A library has many more entry points, each that needs to be written to care for what the users might pass in to them. libcurl has code to work with millions of build combinations, and (right now) up to 35 different external libraries. (13 different TLS libraries, 3 different SSH libraries, 2 different QUIC/HTTP/3 libraries, 3 different compression libraries etc.)
libcurl is used in many more challenging environments such as niche operating systems, scaled up to thousands of concurrent transfers, systems that never exits and in builds with a creative set of features disabled at build-time.
Compared to the curl tool, libcurl is way more advanced. A bug in the command line tool is often much easier to fix than one in the library. Such bugs are also rarer since it is much simpler and a smaller amount of code.
Because of what I have outlined above, I focus my curl work on library related changes. Both when it comes to bug-fixes and adding features. It scales better to the world, and as one of the designers and architects of most solutions used in libcurl I am in many cases a suitable engineer to work on many of the more complicated problems.
It is smarter for the entire project for me to leave the slightly less complicated problems and more easily understood features to be fixed and added by others. It scales better. After all, I have a finite number of hours per week to spend on curl. I want to make the best use of my time as I can.
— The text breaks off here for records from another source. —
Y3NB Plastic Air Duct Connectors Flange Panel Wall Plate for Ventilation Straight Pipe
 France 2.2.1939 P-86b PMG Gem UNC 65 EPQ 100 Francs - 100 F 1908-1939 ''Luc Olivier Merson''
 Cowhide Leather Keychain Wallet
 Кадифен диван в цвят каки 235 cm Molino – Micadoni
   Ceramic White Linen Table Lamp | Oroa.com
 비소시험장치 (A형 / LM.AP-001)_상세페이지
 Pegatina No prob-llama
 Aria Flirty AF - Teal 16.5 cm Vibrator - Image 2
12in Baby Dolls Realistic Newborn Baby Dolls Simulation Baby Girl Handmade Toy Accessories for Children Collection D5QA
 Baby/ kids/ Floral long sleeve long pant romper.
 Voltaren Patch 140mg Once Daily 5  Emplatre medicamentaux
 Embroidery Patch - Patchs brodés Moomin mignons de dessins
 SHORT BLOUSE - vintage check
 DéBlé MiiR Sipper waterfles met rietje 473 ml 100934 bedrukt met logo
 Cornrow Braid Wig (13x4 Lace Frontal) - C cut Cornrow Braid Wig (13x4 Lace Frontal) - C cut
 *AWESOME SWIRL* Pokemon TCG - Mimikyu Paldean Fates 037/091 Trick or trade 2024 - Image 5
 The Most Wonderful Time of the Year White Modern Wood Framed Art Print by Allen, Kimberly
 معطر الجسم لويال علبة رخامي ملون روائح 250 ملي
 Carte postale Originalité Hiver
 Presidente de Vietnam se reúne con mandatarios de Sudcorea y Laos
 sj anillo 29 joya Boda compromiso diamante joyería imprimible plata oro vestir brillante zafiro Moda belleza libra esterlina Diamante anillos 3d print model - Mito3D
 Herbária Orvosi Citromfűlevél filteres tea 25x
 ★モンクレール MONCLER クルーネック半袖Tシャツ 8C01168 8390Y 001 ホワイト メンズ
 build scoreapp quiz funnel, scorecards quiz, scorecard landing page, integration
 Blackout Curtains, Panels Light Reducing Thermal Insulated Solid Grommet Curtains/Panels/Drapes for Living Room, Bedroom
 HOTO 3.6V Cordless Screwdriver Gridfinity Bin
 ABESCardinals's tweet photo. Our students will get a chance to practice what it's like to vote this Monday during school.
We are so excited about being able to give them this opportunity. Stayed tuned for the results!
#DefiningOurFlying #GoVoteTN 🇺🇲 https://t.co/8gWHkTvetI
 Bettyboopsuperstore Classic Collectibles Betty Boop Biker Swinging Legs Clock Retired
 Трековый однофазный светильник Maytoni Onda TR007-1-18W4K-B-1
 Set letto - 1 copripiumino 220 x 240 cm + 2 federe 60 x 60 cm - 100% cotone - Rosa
Therefore, I tend to leave tool-related things for others to work on.
I work on curl for a living. The companies that pay for support have higher priority than almost any other bug reports, and they tend to be libcurl related. Keeping my paying customers happy is crucial to me. And in a funny way also to others, since that work usually end up benefiting all curl users.
As I work on curl full-time during my workdays and also during a good chunk of my spare time, I need to “lighten up” my work at times and get some variation. Sometimes I can go about and find new little things to work on in the project that maybe isn’t top priority by any means, but are things that could use some polish and are different enough from what I spent the rest of my week on. To give me variation. To keep the fun.
Also, sometimes scratching the surface on a new somewhat forgotten place brings up more important stuff.
Years ago I even for a while considered to hand over maintenance of the curl tool to someone else and more distinctly say that I would only work on the library as they are separate entities and could possibly benefit from being worked on independently from each other.
My idea of focusing my work on the more complicated issues, to work on design and architecture and help newcomers find their way into the code doesn’t always work out.
I never gave up maintenance of the tool and a lot of things that someone else could implement or fix in the project aren’t, which makes me eventually get to work on that too anyway. For the good of the project. Also, it makes my work day more varied and fun if I take occasional strolls around the project every now and then and put on some new paint on areas I find could use some.
Most of my work efforts go into libcurl matters. But I work on the tool too.